▶ **Instructions to follow**
Your copy should start at the line with "[DDR A3] harujun" and end at the line with "EXO 2027 Season's Greetings" in the data below. Transcribe only those lines, exactly, pictures excluded.

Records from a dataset
=== Begin Enclosure ===
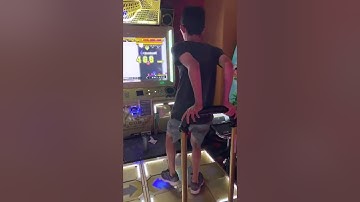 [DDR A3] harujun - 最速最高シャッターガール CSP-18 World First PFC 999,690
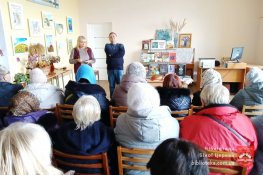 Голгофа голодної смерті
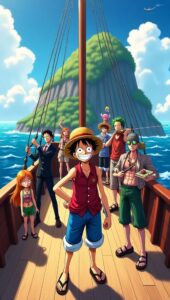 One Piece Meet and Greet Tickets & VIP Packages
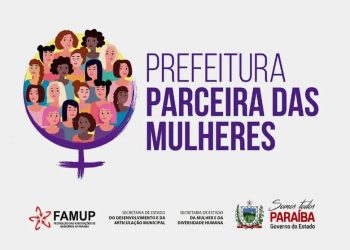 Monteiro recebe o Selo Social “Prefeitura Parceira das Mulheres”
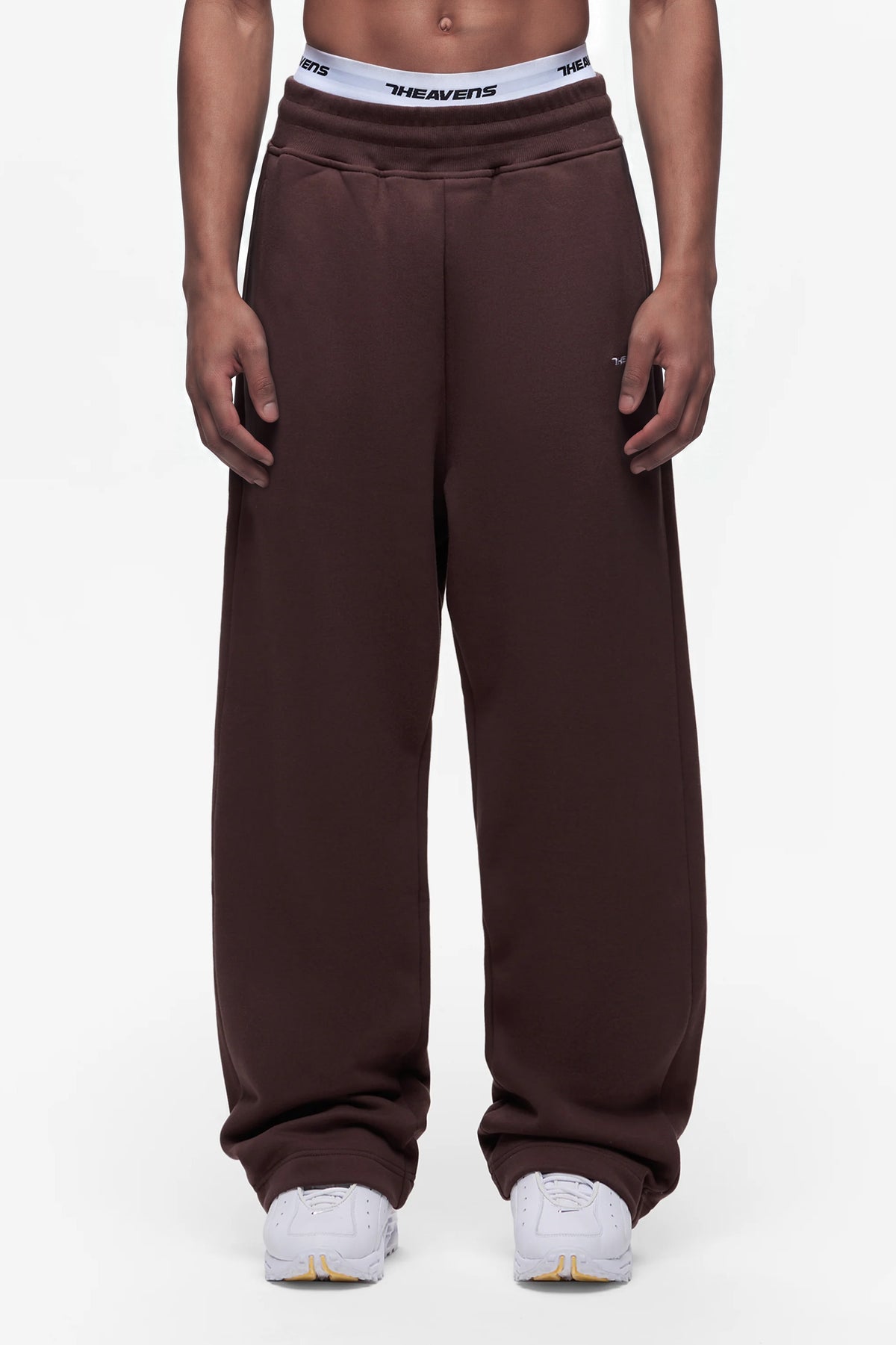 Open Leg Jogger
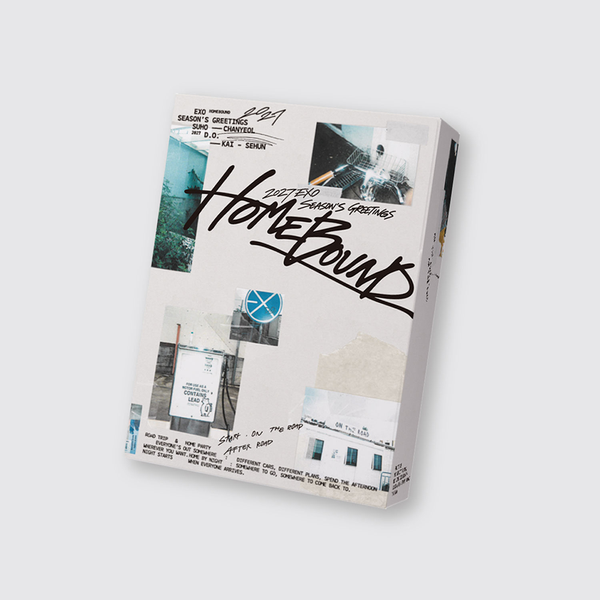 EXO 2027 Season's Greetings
=== End Enclosure ===
=== Begin Enclosure ===
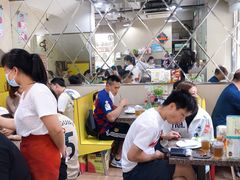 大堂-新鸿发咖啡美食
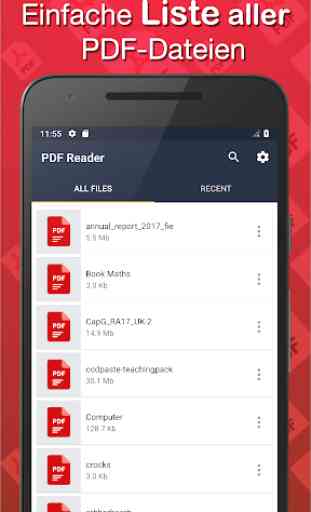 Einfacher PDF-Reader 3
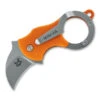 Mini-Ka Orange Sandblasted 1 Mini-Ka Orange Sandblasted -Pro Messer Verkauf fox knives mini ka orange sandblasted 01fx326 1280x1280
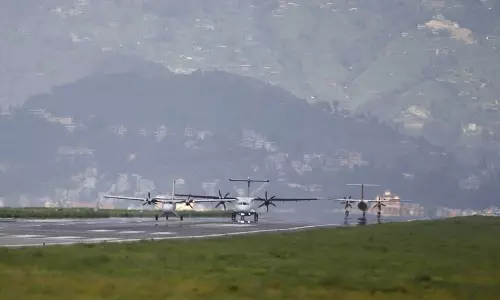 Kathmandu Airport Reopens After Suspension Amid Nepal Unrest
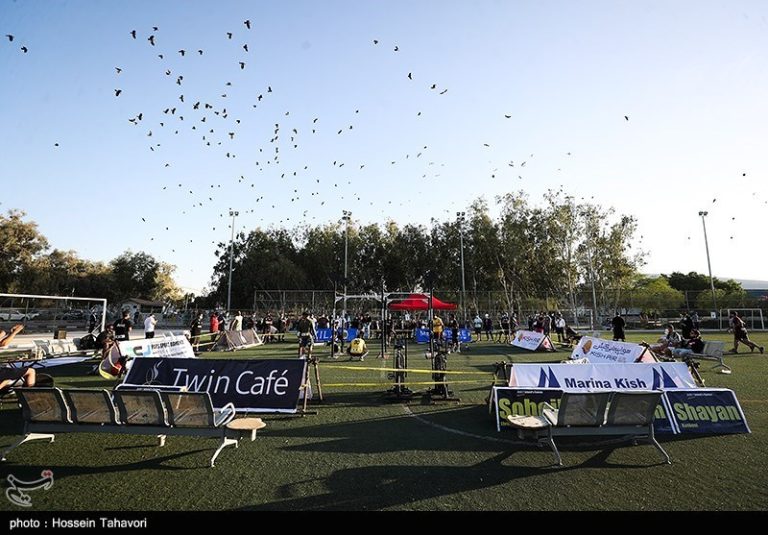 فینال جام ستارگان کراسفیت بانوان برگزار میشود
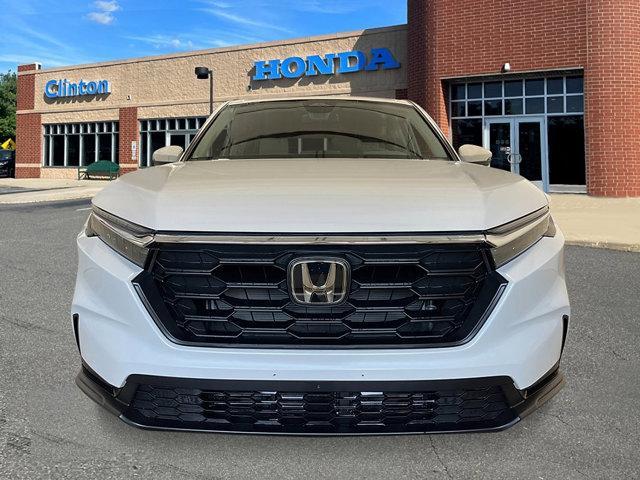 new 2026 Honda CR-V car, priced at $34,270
=== End Enclosure ===
▶ **The answer**
 [DDR A3] harujun - 最速最高シャッターガール CSP-18 World First PFC 999,690
 Голгофа голодної смерті
 One Piece Meet and Greet Tickets & VIP Packages
 Monteiro recebe o Selo Social “Prefeitura Parceira das Mulheres”
 Open Leg Jogger
 EXO 2027 Season's Greetings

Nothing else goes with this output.